The average rate for a 30-year fixed rate mortgage increased to 6.96% for the week ending July 13, up from last week’s average of 6.81%, Freddie Mac reported. Meanwhile, the average rate for a 15-year fixed-rate mortgage increased to 6.30%, up from last week when it averaged 6.24%.
"Mortgage rates increased to their highest level since November 2022, the last time rates broke seven percent," Freddie Mac’s Chief Economist Sam Khater said in a statement. "Incoming data suggest that inflation is softening, falling to its lowest annual rate in more than two years.
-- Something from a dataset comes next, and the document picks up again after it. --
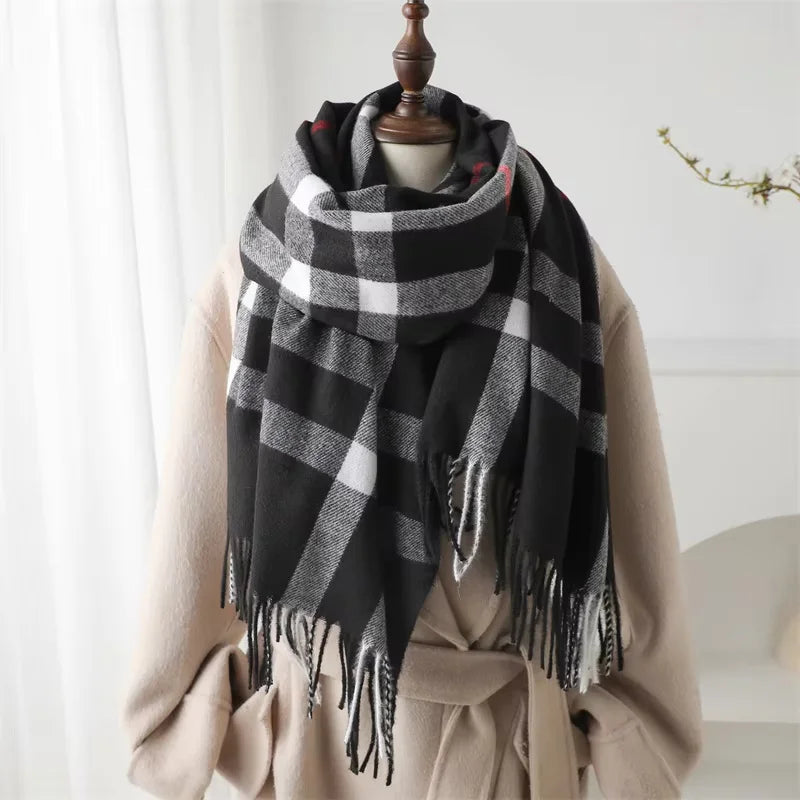 Premium Cashmere Plaid Scarf - Blend of Classic Charm & Modern Elegance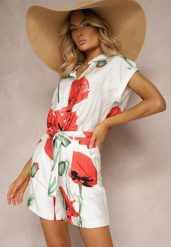 Beżowo-Czerwone Szorty Bermudy z Wzorem w Maki i Wiązaniem w Pasie Liecara. Brązowe szorty damskie Renee, bez wzorów, z materiału. Za 74.99 zł.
"However, increases in housing costs, which account for a large share of inflation, remain stubbornly high, mainly due to low inventory relative to demand," Khater continued.
In fact, the median U.S. home-sale price increased 1.5% from last year during the four weeks ending July 9, according to data by Redfin. That marked the first increase in nearly five months.
Lower inventory is another challenge that potential homebuyers are facing, Redfin said.
"Prices are rising despite relatively low demand because there are so few homes for sale," Redfin said in its report published July 13. "New listings are down 27% year over year, the biggest drop since the start of the pandemic, and the total number of homes on the market is down 14%, the biggest drop since March 2022. That’s mostly because potential sellers are locked in by low rates; nearly all homeowners have a rate below 6%."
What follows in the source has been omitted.